Le palais des comtes de Poitiers est un de ceux qui, en France, ont conservé peut-être les plus beaux restes. Bâti sur des ruines romaines par les Carlovingiens, puis détruit à plusieurs reprises, il fut réédifié par Guillaume le Grand au commencement du XIe siècle; de cette reconstruction il ne reste rien. On attribue à Guy-Geoffroy, fils de Guillaume, la construction de la grand'salle que nous voyons aujourd'hui; mais cette salle présentant tous les caractères de l'architecture civile de la fin du XIIe siècle, et Guy Geoffroy étant mort en 1086, il faut lui trouver un autre fondateur.
Le palais de Poitiers fut brûlé en 1346 par les Anglais, puis réparé en 1395 par Jean, duc de Berry et comte du Poitou. Ce prince, frère du roi Charles V, fit rebâtir le pignon de la grand'salle, décoré d'une immense cheminée (voy. CHEMINÉE, fig. 9 et 10), et le donjon qui existe encore, quoique très mutilé et qui sert aujourd'hui de cour d'assises 12. Cette magnifique construction se compose d'un gros corps de logis barlong, à trois étages voûtés, flanqué de quatre tours rondes aux angles et couronné de mâchicoulis, créneaux et combles.

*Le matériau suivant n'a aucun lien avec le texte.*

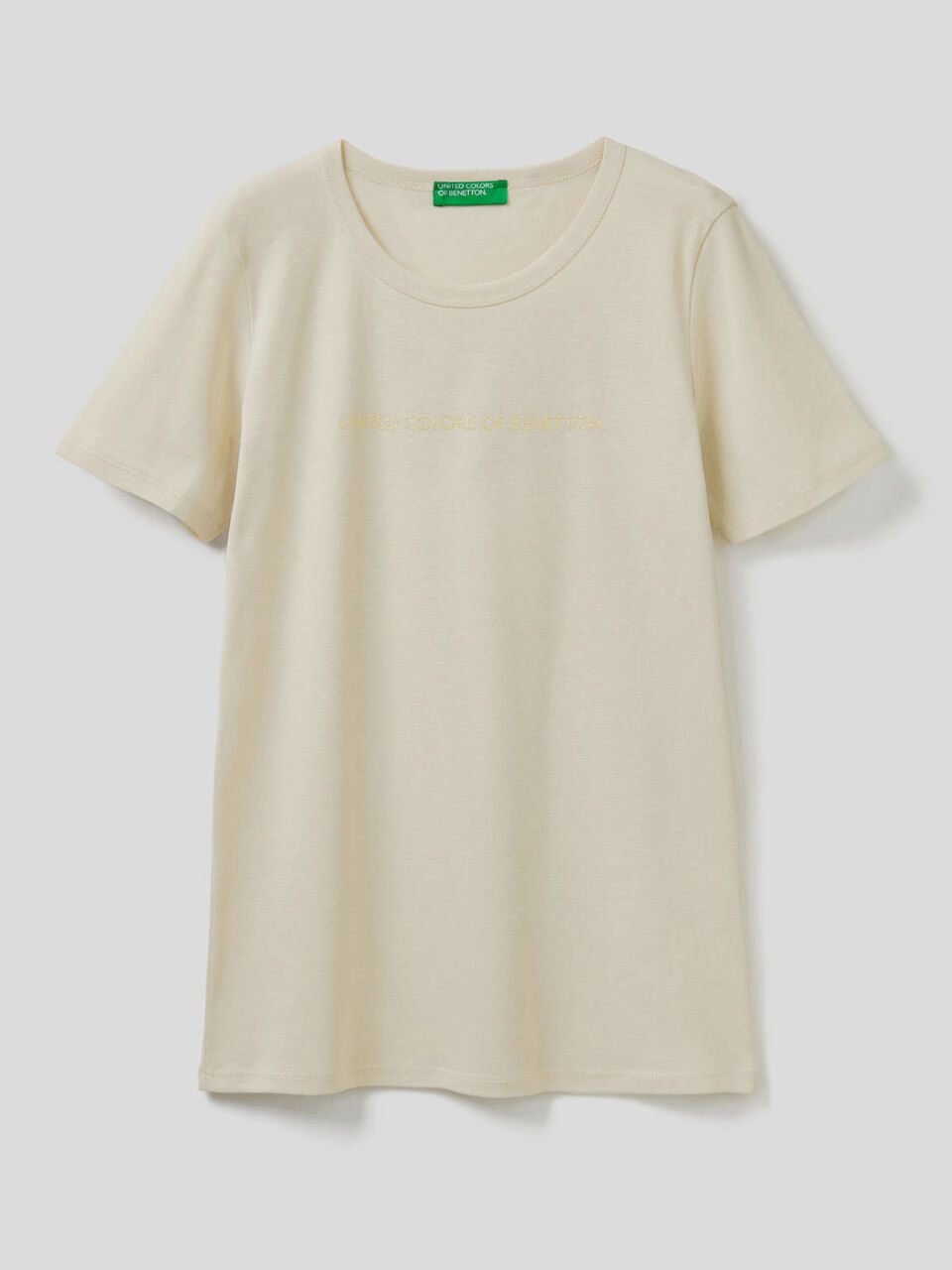 T-Shirt aus 100% Baumwolle mit glitzerndem Logoprint image number 1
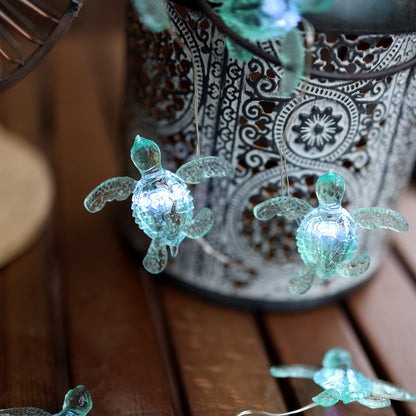 JASHIKA Beach Theme -Cute Green Sea Turtle String Lights- Ocean Fairy Decorative Lights- 10ft 30 LEDs -USB Powered -Multi-Function- Remote Control-Christmas -House Party- Bathroom -Baby Shower Decor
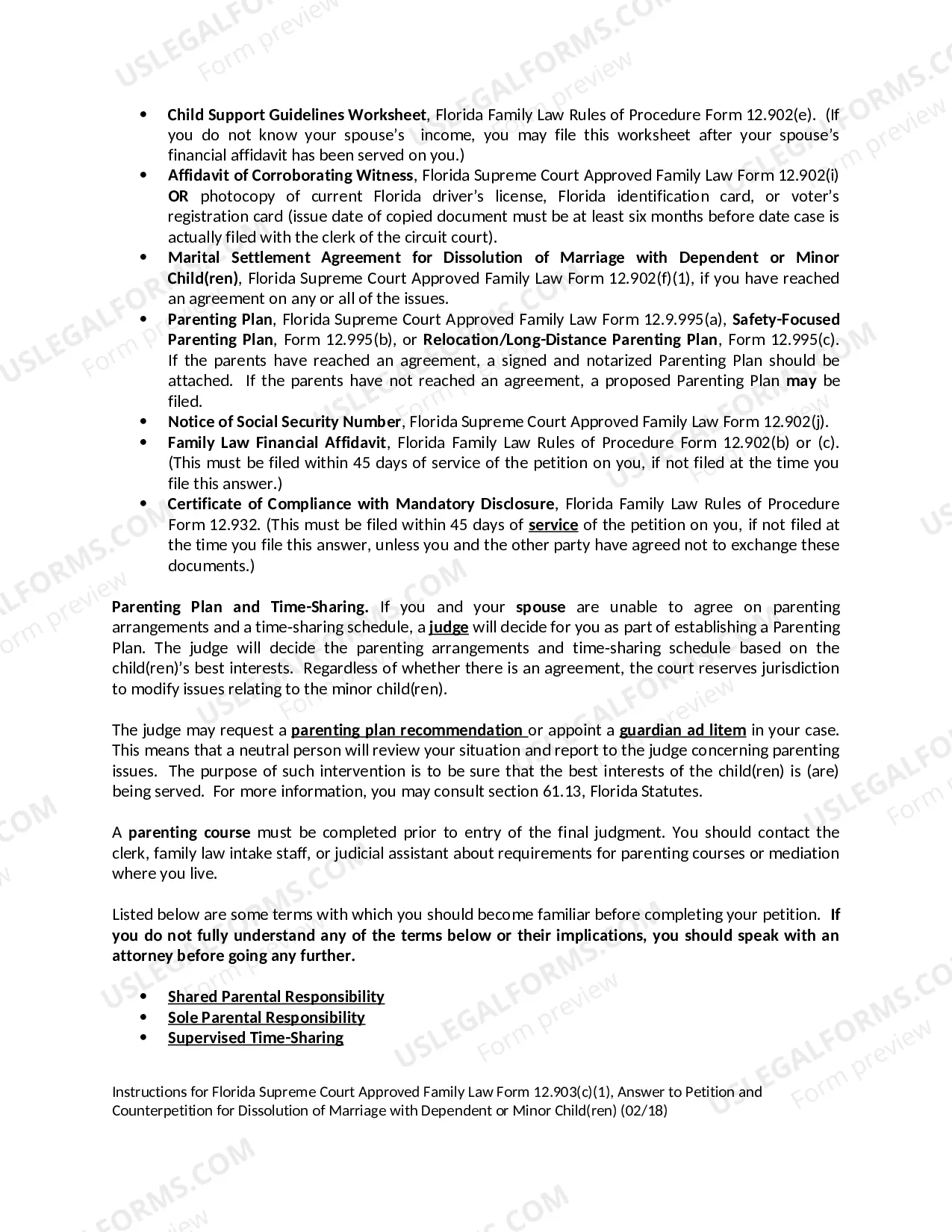 Preview Answer to Petition and Counterpetition for Dissolution of Marriage with Dependent or Minor Children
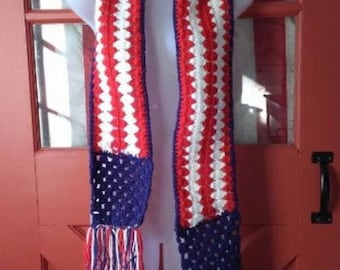 Patriotic Scarf, Red White and Blue Scarf, USA Scarf, Flag Scarf, Patriotic American Flag Scarf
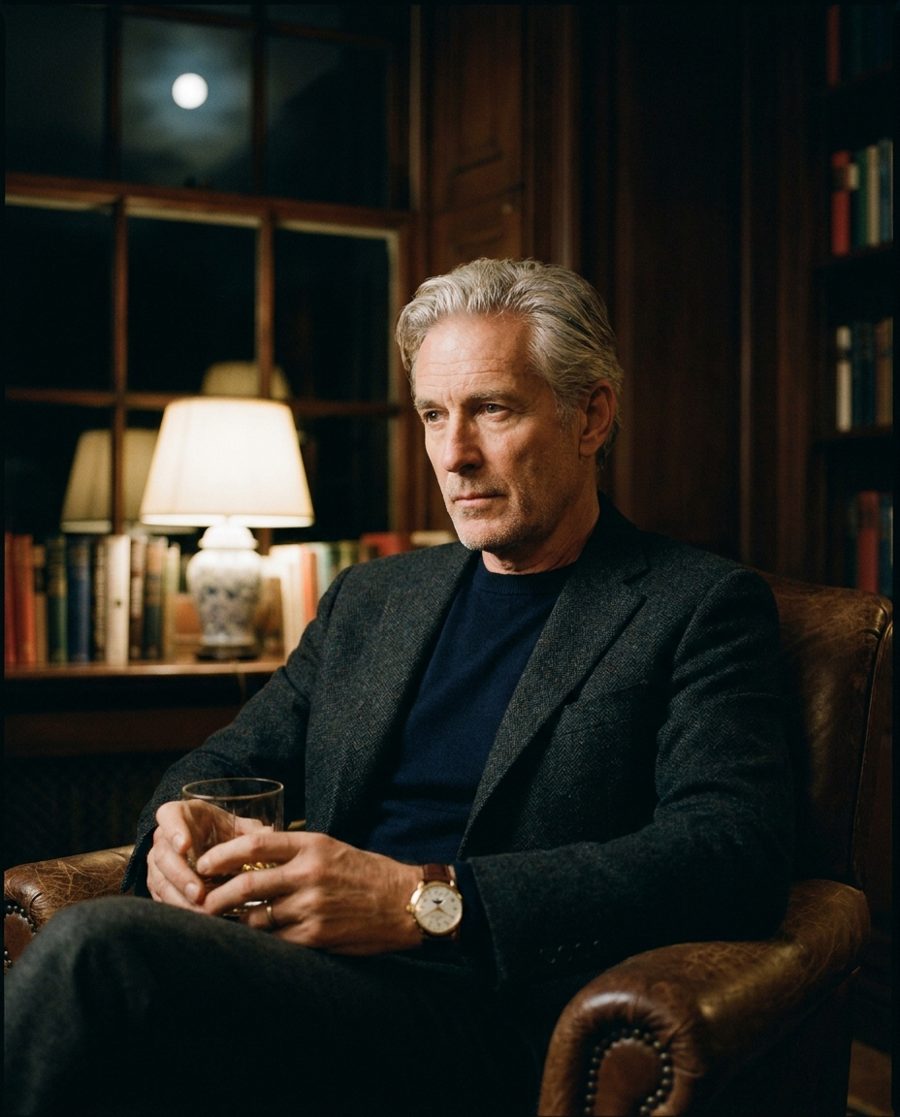Man in a library wearing a moonphase watch — ChronoSeasons Moonphase Watches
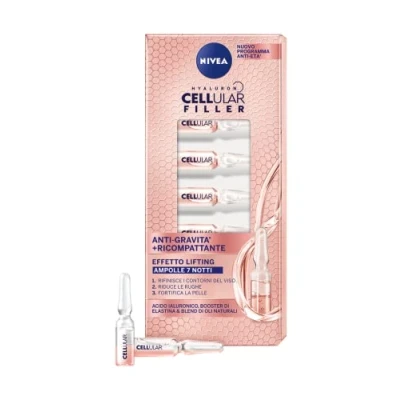Imagen de NIVEA CELLULAR FILLER Antigravedad + Recompactante Ampollas efecto lifting suero facial x 7 8,40 ml, antiarrugas en ampollas, ácido hialurónico y elastina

Nous donnons (fig. 4) le plan des parties encore existantes du palais de Poitiers. En A est la grand salle, en B le donjon. D'autres logis existaient en C, mais il n'en reste plus que quelques traces. La muraille de la ville gallo-romaine passait en R et servait de soubassement à la grand'salle, dont l'entrée était en D. Une déviation de voie publique, ou peut-être l'orientation, avait dû faire planter le donjon de biais, ainsi que l'indique le plan. Ce donjon de palais affecte une disposition particulière qui n'est point celle que nous observons dans les donjons de châteaux, lesquels ne présentent qu'une tour ou un amas de logis fortement défendus par des ouvrages importants, comme l'est, par exemple, celui du château de Pierrefonds. Le donjon du palais de Poitiers est à lui seul un petit château, possédant une grand'salle à chaque étage et des chambres dans les tours. Il affecte une apparence de forteresse, mais il n'est réellement qu'un gros logis éclairé par de larges baies et n'était nullement propre à la défense; il se rapproche de l'architecture civile, et les tours, les mâchicoulis ne sont là qu'un appareil féodal 13.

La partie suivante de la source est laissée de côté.